Namun saat perlahan menggeluti teks demi teks, dan beberapa di antaranya masuk ke pembacaan buku-buku primer, saya mulai agak lain dalam memandang ilmu komunikasi. Misalnya, saya mencoba untuk membaca teks asli yang ditulis oleh Claude Shannon, Warren Weaver, Edward T. Hall, Paul Watzlawick, Marshall McLuhan atau Paul Felix Lazarsfeld, dan ternyata begitu memikat. Mungkin selama ini saya bias, karena dipaparkan oleh dosen dengan cara yang klise, atau melihat orang-orang yang belajar ilmu komunikasi tampak terlampau antusias, merasa telah menguasai segala pengetahuan, padahal batasan-batasannya tidak jelas. Atau, saya kesal dengan perkembangan ilmu komunikasi yang mengarah pada bisnis yang menggiurkan, seolah berbagai program studi baru bisa dibuka atas nama "komunikasi". Misalnya, di kampus tempat saya bekerja dulu, sempat ada wacana untuk mendirikan program studi Performing Arts, yang saya sempat mengritiknya karena akan bersinggungan dengan program studi seni yang sudah lebih dulu mapan di kampus lain. Dapat dikatakan, ilmu komunikasi dimanfaatkan secara suka-suka, untuk membuka berbagai kajian baru yang kurang bisa dipertanggungjawabkan.
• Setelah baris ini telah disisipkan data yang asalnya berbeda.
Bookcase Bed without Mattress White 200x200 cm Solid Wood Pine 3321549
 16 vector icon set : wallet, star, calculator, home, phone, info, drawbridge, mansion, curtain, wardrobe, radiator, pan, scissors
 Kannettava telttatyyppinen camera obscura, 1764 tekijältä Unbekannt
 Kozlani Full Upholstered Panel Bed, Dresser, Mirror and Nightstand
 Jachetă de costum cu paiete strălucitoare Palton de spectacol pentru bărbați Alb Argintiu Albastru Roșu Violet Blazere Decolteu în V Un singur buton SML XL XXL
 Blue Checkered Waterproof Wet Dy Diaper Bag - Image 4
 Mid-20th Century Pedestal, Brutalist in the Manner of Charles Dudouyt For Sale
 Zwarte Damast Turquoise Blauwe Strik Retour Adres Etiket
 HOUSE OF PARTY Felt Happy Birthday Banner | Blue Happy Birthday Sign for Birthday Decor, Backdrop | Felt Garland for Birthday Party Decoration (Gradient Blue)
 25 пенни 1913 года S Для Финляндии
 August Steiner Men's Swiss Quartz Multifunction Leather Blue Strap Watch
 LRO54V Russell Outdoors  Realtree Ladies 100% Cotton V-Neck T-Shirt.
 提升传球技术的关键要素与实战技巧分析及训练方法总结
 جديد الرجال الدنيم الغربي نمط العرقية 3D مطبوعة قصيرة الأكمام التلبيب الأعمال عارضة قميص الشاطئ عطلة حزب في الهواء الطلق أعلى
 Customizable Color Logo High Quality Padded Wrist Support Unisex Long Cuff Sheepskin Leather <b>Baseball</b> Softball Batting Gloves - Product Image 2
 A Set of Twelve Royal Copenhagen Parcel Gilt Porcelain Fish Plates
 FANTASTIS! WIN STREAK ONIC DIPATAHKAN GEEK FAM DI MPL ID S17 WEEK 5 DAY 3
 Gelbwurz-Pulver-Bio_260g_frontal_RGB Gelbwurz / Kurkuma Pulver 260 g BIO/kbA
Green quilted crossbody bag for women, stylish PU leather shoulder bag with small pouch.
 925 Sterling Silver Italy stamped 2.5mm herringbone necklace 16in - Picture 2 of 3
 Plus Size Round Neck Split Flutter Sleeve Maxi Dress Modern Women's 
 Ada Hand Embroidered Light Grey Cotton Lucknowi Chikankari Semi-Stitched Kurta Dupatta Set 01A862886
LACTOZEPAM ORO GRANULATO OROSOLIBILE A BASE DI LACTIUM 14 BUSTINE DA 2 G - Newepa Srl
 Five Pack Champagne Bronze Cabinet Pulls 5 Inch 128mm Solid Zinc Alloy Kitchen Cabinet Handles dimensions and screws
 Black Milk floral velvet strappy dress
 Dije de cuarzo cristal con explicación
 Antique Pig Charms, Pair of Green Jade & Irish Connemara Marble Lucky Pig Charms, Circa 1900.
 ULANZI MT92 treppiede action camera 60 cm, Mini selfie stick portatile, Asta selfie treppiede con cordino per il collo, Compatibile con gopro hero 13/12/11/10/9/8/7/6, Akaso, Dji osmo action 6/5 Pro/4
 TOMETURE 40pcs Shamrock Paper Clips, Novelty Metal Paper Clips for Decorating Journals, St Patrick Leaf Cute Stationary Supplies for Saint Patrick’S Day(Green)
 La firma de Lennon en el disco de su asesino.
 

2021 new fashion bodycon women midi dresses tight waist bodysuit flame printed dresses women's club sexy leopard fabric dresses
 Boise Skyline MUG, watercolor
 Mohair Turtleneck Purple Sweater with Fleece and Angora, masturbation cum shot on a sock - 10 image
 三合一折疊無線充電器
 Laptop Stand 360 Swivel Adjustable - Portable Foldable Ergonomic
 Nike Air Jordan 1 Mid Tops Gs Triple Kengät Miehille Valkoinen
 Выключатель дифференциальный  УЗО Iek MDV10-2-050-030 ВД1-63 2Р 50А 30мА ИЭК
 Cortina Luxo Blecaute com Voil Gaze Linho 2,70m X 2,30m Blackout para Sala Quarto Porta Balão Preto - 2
Ternyata kenyataan di lapangan dan keluhuran teks primer bisa jadi sangat tidak bersinggungan. Saya begitu terpesona saat membaca bagaimana Hall menjabarkan soal jarak fisik dalam komunikasi dengan cara yang sangat rinci atau saat McLuhan menuliskan soal "medium is the message" dengan cara yang menurut saya, sangat lentur dan ilustratif. Hal demikian membuat saya berpikir, apakah bisa menjadi kontraproduktif, jika kita mendengarkan sebuah pemaparan dari dosen atau narasumber yang terlampau disederhanakan? Membuat pemikiran Hall dan McLuhan menjadi terdengar mudah tentu penting, tapi di sisi lain, pendengarnya mungkin akan beranggapan, "Oh, pemikiran mereka ternyata cuma begitu," atau dalam arti kata lain, "menggampangkan" pemikirannya. Mungkin sesekali perlu juga untuk mempertahankan kerumitan dari pemikiran si pemikir, agar pendengarnya berpikiran: pasti ada alasan mengapa si pemikir menjadi si pemikir, karena ia mencoba membangun argumentasi secara lengkap, hingga memerlukan satu buku untuk menjelaskannya.
Demikian saya merasa bahwa proses menulis buku pengantar ilmu komunikasi ini, yang diawali dengan rasa kesal, ternyata berakhir dengan rasa cinta. Bergelut dengan teks primer membuat saya sadar, betapa indahnya dunia pemikiran, sebagai produk akal budi, dan betapa terbatasnya manusia, dalam menyampaikan kembali pada manusia lainnya. Buku pengantar ilmu komunikasi akan terbit di tahun ini, mungkin sekitar bulan April atau Mei.